It may sound natural to hear university students dismiss curling as “not their thing.” They might say that it moves too slowly for them or that it lacks the flair of a certain other popular Canadian ice sport. Perhaps they know it as the game their grandparents play on the weekend and don’t consider it a sport for people their age.
Trystyn Berg, president of the UVic Curling Club, is out to suggest the opposite: that in almost every way, the sport offers the perfect pastime for the university student.
First, he says, its mental and strategic aspects, as well as its reputation as a thinking person’s game, complement the student lifestyle, which already requires endless amounts of planning and critical thinking.

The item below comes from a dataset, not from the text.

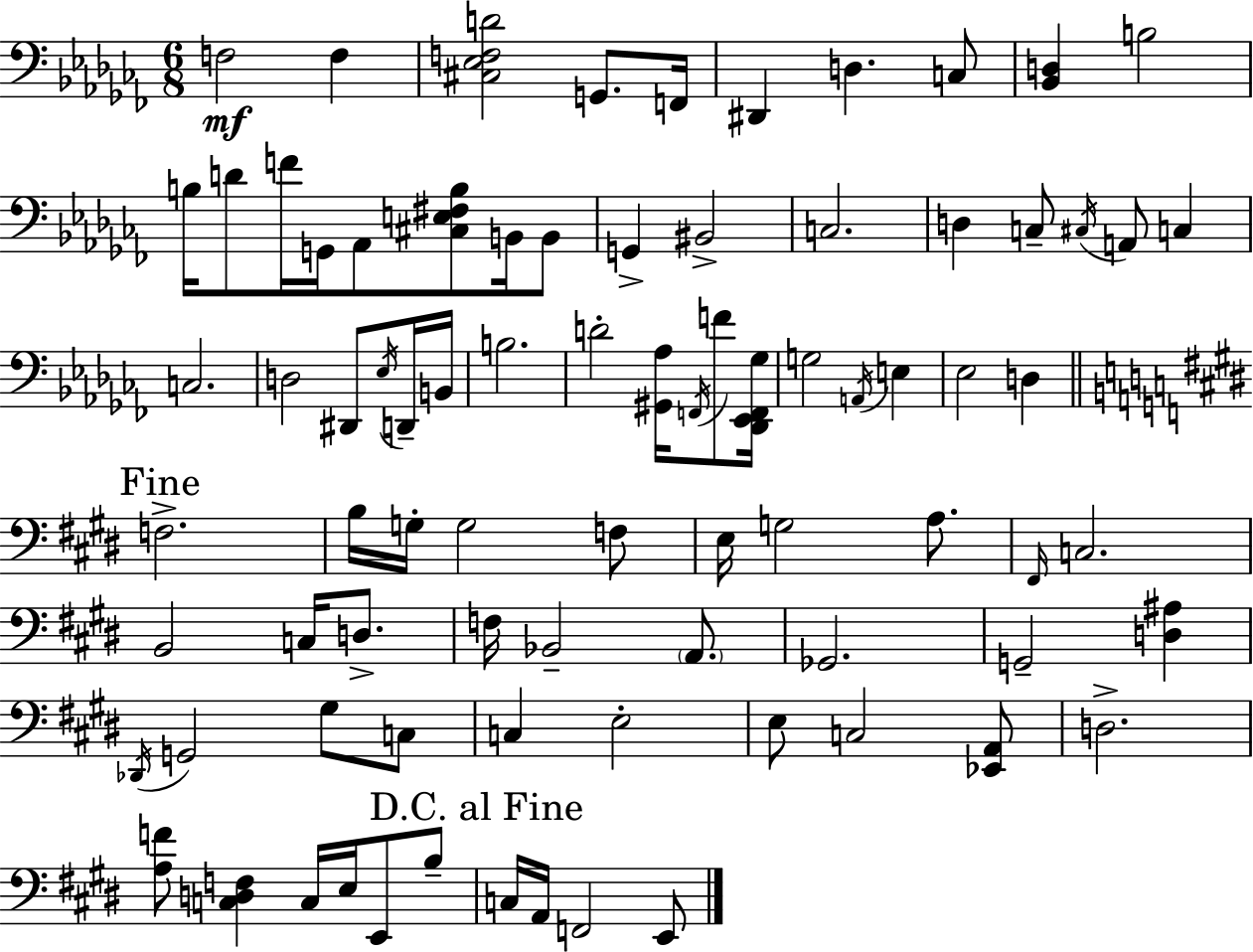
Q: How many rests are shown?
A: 0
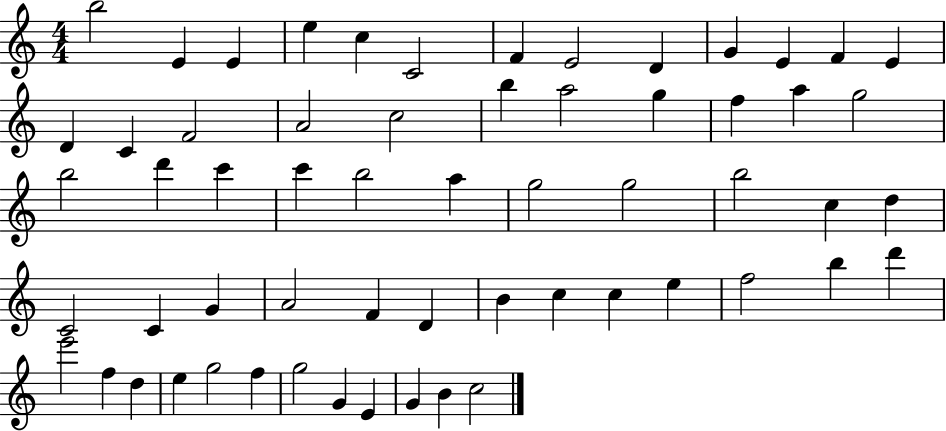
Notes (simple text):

B5/h E4/q E4/q E5/q C5/q C4/h F4/q E4/h D4/q G4/q E4/q F4/q E4/q D4/q C4/q F4/h A4/h C5/h B5/q A5/h G5/q F5/q A5/q G5/h B5/h D6/q C6/q C6/q B5/h A5/q G5/h G5/h B5/h C5/q D5/q C4/h C4/q G4/q A4/h F4/q D4/q B4/q C5/q C5/q E5/q F5/h B5/q D6/q E6/h F5/q D5/q E5/q G5/h F5/q G5/h G4/q E4/q G4/q B4/q C5/h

“[Curling] is a sport where you’re always thinking. It allows its participants to get the strategies and develop short- and long-term planning skills that are useful to any student,” says Berg, president since 2009.

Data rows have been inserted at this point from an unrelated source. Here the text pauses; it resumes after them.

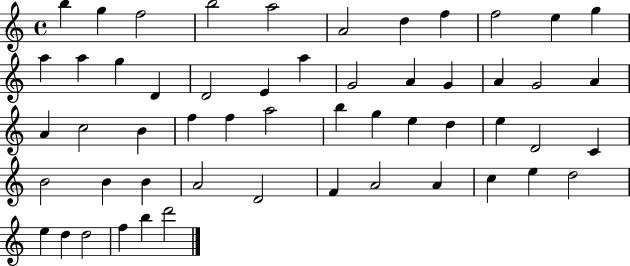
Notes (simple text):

B5/q G5/q F5/h B5/h A5/h A4/h D5/q F5/q F5/h E5/q G5/q A5/q A5/q G5/q D4/q D4/h E4/q A5/q G4/h A4/q G4/q A4/q G4/h A4/q A4/q C5/h B4/q F5/q F5/q A5/h B5/q G5/q E5/q D5/q E5/q D4/h C4/q B4/h B4/q B4/q A4/h D4/h F4/q A4/h A4/q C5/q E5/q D5/h E5/q D5/q D5/h F5/q B5/q D6/h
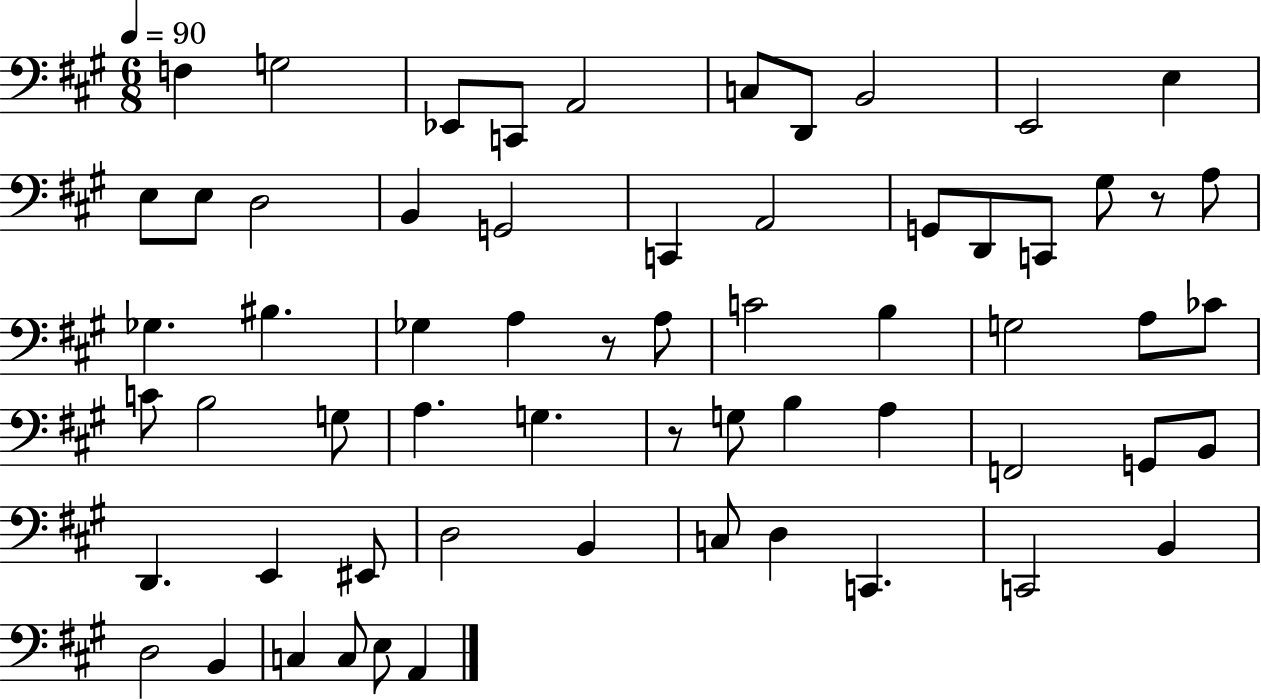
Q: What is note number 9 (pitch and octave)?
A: E2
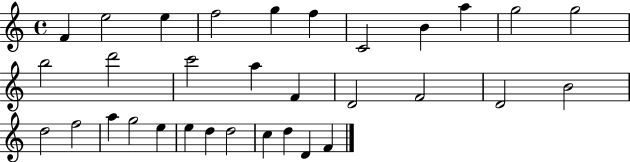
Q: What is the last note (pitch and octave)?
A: F4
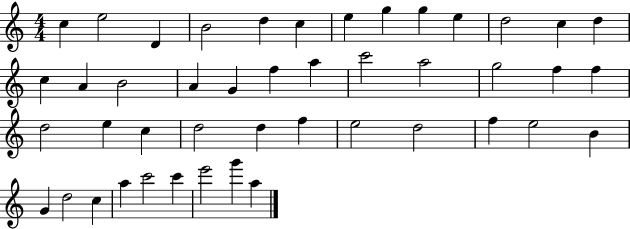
X:1
T:Untitled
M:4/4
L:1/4
K:C
c e2 D B2 d c e g g e d2 c d c A B2 A G f a c'2 a2 g2 f f d2 e c d2 d f e2 d2 f e2 B G d2 c a c'2 c' e'2 g' a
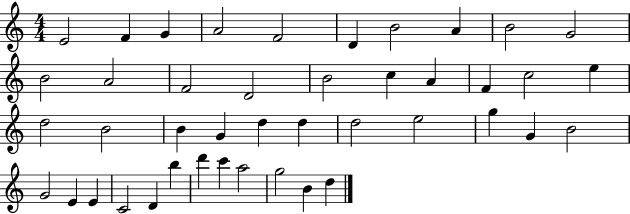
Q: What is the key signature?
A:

“The club is about getting students off campus and into a social environment where they are required to focus on a challenging game instead of schoolwork,” says Berg.
While curling may not come across as a physical sport on TV, Berg says the game also serves as a perfect activity for getting rid of high levels of stress students know all too well.

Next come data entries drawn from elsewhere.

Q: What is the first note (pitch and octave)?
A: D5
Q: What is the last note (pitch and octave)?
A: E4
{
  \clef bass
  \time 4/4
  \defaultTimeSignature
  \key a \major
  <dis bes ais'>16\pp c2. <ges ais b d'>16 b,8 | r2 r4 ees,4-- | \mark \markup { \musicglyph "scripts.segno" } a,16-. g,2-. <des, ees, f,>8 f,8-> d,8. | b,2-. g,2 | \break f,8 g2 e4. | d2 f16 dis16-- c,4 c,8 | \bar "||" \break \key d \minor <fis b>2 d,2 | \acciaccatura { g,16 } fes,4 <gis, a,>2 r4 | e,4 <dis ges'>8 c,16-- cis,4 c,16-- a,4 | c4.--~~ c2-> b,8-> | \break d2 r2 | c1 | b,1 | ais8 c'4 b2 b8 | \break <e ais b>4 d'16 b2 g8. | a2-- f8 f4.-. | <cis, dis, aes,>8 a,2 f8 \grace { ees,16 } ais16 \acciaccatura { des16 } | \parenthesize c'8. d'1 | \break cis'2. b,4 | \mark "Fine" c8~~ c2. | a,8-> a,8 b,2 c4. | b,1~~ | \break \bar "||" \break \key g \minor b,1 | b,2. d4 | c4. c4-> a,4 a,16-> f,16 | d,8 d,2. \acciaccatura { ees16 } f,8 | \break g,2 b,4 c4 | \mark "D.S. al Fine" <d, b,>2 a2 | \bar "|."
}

“When you’re piled up under assignments and studying, nothing feels better than throwing a couple of hard-hitters,” he says. “Curling is more physically demanding than it looks, and after all that sweeping and throwing and sliding, you feel a lot less stressed out by the end of a game.”
Students seeking a new hobby and possibly new friends will be pleased with the UVic Curling Club’s unique social dynamic. As a mostly recreational club that meets one night a week, it accommodates players of all levels, and those who come alone with no experience are introduced to the sport through a free group lesson. After players are grouped in teams of four, the club carries out its season in a round-robin format while continuing to welcome new players with free lessons. This gives students looking to meet people the perfect opportunity to do so, according to Berg.
The club divides its experienced players evenly among teams, so newcomers have the opportunity to learn the sport from skilled curlers — as well as win games.
“We try and balance the skill level between teams by giving each team an experienced player,” Berg says. “This way everyone has a mentor that can help them. The club is meant for all levels of experience, and we want to help everyone learn as much as they want.”
For experienced curlers, the club puts together teams to compete in friendlies against local clubs, like the Victoria Curling Club, and in inter-university matches. Next season, Berg hopes to recruit enough talent to have a team compete in the Canadian Interuniversity Sport (CIS) Canada West Playdowns, the winners of which compete at the Canadian Championship Events.
The club’s season ends on March 3 and will restart next September.
For fast-thinking, overstressed students seeking a new hobby or new friends, curling may offer the recreational fulfillment they can’t find anywhere else. “Just come try it,” Berg urges. “You can’t judge this sport until you’ve tried it.”